Thus began the latest of well-intentioned Western efforts to "help Afghans." Of course, if the US had really wanted to help Afghans, they would have started by cleaning up the mess left in 1989, after the disastrous invasion and failed occupation by the Soviet Union, which some analysts cite as a major factor in its demise. In the unvarnished history that Bleeding Afghanistan relates, the US used Afghans to fight a proxy war against the invaders, and after both Cold War adversaries wrecked the country, US policy entailed leaving the Afghans to fend for themselves. A CIA-originated comment (well known to the locals) has it that "the US was willing to fight the Soviets to the last Afghan." Today, the Taliban are attempting to win Afghan hearts and minds by citing this recent history, arguing that the Soviets failed to win their war against Afghanistan even though they were not bogged down elsewhere.

The authors of Bleeding Afghanistan are Sonali Kolhatkar and James Ingalls, the co-directors of the Afghans Women’s Mission, a US-based grassroots organization that is affiliated with the Revolutionary Association of the Women of Afghanistan, or RAWA, a collective of courageous Afghan feminists working for social change within the country. In their research, Kolhatkar and Ingalls spent most of 2005 in Afghanistan conducting interviews that form much of the groundwork for Bleeding Afghanistan. Their book provides a nuanced corrective to recent history, which is submerged under a mainstream media whitewash. Kolhatkar and Ingalls cite the self-serving (and largely ignored) reasons for the invasion and occupation of Afghanistan: to "restore imperial prestige" undermined by 9/11; to pave a "stepping-stone to Iraq"; to demonstrate that "imperial democracy" can be imposed by force to turn a failed state "into an upwardly-mobile democracy"; to shore up future Republican gains with "election propaganda"; and to provide a "war on terror demonstration."

After the splintering of the Soviet Union, the US and its allies began jockeying for position in a region that is a strategic prize in the new "great game" – for petroleum resources.
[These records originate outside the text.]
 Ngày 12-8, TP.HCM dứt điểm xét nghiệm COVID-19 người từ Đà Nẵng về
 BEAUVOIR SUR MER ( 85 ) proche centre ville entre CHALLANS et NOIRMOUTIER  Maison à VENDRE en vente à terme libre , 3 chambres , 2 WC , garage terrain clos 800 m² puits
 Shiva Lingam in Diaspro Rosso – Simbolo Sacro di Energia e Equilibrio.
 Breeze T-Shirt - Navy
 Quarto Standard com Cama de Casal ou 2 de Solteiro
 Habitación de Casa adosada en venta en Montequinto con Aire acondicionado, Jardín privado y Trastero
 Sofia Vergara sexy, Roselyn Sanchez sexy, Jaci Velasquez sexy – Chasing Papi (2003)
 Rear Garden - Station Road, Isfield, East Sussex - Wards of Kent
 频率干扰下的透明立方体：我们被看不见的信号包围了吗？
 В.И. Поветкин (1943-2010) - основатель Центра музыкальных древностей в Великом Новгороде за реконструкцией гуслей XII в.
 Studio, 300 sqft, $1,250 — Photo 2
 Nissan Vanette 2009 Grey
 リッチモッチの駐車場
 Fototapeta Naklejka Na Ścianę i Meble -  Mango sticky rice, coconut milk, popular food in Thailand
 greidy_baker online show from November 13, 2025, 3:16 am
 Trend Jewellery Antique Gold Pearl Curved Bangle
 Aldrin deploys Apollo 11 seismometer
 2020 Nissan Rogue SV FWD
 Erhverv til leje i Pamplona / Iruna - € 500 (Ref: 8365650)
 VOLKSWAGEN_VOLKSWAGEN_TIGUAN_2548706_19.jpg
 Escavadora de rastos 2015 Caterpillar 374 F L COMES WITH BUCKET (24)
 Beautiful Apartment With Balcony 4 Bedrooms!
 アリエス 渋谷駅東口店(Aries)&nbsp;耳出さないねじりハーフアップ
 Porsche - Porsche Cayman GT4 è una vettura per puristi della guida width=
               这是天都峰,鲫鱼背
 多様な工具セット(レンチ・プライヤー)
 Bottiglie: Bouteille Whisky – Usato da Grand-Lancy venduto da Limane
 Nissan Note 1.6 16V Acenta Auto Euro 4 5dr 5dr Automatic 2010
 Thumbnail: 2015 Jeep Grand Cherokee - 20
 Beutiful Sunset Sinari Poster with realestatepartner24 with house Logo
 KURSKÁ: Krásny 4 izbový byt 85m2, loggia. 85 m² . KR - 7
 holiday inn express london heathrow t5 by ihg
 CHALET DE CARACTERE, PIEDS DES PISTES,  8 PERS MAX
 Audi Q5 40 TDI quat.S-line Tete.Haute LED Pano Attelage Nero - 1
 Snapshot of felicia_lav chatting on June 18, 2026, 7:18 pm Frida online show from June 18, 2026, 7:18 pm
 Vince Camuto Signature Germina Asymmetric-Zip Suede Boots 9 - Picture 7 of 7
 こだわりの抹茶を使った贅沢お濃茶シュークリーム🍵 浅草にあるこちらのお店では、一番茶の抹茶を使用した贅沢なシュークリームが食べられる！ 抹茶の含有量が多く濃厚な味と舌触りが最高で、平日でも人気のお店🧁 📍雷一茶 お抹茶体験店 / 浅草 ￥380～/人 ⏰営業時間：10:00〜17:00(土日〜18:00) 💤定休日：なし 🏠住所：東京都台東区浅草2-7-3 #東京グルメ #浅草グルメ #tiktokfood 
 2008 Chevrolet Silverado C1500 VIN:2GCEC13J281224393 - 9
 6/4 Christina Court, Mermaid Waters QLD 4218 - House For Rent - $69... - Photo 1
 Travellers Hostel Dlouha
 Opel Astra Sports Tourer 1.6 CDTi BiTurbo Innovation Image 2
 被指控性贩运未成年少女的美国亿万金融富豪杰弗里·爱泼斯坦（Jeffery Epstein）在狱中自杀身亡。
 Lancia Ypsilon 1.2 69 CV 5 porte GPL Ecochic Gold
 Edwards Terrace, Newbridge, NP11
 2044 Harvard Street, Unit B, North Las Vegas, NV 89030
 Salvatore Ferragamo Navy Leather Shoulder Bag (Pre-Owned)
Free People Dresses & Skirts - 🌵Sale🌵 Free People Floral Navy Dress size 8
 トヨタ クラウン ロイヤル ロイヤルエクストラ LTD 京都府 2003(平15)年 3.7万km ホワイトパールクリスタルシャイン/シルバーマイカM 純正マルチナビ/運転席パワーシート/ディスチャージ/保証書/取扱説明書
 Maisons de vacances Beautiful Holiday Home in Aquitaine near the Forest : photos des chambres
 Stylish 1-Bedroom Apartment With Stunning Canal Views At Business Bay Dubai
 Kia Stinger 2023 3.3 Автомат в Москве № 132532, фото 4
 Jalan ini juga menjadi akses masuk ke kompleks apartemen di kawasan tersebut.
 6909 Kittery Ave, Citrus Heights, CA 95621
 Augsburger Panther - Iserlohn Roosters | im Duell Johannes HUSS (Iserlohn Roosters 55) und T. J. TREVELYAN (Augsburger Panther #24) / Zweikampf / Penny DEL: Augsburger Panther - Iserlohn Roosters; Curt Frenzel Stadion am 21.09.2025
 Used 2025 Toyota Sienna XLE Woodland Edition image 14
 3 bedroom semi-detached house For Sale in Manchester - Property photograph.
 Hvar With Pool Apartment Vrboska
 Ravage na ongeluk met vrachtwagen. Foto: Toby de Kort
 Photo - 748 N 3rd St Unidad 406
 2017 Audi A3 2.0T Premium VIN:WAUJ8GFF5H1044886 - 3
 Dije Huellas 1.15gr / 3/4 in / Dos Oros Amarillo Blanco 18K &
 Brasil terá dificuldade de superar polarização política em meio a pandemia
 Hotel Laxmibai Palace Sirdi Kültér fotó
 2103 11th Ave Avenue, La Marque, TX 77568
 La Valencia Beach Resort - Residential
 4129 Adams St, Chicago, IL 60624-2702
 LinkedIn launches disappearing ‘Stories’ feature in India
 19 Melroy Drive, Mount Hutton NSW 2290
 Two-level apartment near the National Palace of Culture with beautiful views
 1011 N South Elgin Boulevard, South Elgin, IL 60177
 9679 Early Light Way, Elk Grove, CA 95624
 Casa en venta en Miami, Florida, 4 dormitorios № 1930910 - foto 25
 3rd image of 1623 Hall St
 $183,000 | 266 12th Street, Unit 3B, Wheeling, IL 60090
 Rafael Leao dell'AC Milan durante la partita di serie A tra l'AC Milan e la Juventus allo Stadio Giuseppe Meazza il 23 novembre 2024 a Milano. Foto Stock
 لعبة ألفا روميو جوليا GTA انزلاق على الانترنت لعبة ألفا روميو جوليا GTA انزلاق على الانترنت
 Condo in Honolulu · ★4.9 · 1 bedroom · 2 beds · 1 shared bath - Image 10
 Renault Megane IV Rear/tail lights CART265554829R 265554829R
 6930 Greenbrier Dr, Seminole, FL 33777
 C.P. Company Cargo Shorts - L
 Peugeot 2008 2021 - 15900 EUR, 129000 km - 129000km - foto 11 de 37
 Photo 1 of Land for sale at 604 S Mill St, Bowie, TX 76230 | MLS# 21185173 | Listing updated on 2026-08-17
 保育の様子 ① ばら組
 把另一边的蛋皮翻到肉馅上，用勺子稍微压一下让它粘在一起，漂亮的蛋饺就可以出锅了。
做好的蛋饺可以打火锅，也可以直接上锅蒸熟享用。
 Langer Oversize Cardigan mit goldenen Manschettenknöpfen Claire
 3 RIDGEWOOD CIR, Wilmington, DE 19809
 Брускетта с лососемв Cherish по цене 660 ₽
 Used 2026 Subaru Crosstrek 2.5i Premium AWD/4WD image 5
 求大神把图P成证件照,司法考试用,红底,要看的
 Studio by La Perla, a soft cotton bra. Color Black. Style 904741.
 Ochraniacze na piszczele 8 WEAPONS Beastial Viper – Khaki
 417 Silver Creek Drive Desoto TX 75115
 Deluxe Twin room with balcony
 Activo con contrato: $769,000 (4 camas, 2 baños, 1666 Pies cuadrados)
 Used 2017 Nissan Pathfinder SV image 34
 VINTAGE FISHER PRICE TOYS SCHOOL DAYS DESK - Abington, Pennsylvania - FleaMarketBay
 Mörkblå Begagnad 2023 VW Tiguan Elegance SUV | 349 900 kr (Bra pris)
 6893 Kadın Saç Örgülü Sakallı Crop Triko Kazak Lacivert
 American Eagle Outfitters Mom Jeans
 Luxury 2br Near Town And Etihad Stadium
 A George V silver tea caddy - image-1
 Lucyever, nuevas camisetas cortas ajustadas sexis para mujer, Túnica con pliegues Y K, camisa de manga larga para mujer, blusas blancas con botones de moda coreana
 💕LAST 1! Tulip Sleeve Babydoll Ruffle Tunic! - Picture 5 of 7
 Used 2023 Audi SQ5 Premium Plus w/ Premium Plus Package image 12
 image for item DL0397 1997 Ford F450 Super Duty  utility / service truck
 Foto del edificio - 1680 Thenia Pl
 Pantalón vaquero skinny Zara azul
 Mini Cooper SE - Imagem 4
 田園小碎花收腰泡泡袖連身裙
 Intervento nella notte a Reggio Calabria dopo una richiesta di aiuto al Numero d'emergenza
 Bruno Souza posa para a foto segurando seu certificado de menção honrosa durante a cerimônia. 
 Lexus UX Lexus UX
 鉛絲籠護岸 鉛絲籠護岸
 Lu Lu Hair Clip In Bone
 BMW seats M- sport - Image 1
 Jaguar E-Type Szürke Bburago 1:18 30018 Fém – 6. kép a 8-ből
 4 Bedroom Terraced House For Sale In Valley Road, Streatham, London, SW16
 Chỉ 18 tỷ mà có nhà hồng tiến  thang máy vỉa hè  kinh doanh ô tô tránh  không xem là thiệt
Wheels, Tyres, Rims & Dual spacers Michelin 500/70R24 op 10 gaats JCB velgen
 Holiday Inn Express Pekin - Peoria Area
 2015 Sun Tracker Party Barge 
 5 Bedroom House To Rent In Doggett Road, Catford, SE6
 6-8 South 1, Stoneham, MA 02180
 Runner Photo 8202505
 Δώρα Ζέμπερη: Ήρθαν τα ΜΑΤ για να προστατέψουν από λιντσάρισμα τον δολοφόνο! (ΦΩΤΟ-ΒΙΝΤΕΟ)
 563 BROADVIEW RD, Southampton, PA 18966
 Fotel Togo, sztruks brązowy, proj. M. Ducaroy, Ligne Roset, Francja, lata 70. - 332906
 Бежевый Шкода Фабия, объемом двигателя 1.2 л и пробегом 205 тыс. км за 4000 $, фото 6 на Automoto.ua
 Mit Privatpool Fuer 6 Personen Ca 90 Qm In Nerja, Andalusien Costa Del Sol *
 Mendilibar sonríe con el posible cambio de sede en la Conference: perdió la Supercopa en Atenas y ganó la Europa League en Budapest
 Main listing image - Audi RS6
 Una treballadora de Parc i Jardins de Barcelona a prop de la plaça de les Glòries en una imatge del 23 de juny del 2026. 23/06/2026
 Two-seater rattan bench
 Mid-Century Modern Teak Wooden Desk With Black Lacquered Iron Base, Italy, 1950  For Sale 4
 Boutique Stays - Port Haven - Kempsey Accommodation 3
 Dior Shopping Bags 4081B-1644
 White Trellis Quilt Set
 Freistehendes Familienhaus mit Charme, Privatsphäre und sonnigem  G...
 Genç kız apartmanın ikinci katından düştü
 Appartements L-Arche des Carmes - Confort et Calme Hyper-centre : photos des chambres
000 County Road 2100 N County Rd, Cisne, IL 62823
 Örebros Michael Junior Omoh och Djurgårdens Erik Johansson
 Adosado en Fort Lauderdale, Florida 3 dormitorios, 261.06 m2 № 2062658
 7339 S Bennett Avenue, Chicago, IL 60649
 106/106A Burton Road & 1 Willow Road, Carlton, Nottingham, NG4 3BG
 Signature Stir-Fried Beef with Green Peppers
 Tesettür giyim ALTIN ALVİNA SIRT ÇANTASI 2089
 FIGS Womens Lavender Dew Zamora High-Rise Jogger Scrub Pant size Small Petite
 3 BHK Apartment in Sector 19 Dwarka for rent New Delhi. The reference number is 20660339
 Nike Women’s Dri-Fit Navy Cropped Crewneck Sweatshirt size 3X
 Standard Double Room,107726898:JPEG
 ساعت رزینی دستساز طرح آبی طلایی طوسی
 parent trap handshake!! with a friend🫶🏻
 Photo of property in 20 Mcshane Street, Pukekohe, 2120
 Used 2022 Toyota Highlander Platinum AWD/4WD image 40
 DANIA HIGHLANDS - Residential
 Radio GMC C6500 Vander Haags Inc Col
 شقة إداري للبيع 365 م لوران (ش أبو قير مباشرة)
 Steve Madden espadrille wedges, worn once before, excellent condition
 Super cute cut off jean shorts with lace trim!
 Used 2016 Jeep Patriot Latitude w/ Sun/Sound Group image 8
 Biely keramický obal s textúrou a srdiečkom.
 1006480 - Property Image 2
The old Great Game was played in the 19th and early 20th century by the major world powers (Britain, France, Russia, China, Iran, and Turkey). During this period, Great Britain fought three failed wars against Afghanistan.

Recognizing that increasing amounts of oil and natural gas must be imported from Central Asia within the next twenty years, the US has made deals with authoritarian regimes in the region since the Clinton era. The world’s richest untapped oil source is the Caspian Basin, which includes parts of Russia and Iran, and the five independent republics of Tajikistan, Kyrgyzstan, Kazakhstan, Turkmenistan, and Uzbekistan (which houses the largest US base in Central Asia). The authors of Bleeding Afghanistan reiterate what many analysts have long warned against: that this provocative period of US adventurism "may spark a new era of Cold War-style tension with China and Russia." As the US extends its reach from the Persian Gulf to the Caspian Sea Basin, new alliances are being formed among Russia, China, and India in a region that was formerly Russia’s backyard. On July 13th, 2006, the Baku-Tblisi-Ceyhan (BTC) oil pipeline (which reaches the Mediterranean by bypassing Russia) was formally opened. In March, 2007, Russia countered with a new pipeline deal with Greece and Bulgaria to host a pipeline to the Mediterranean from the Black Sea.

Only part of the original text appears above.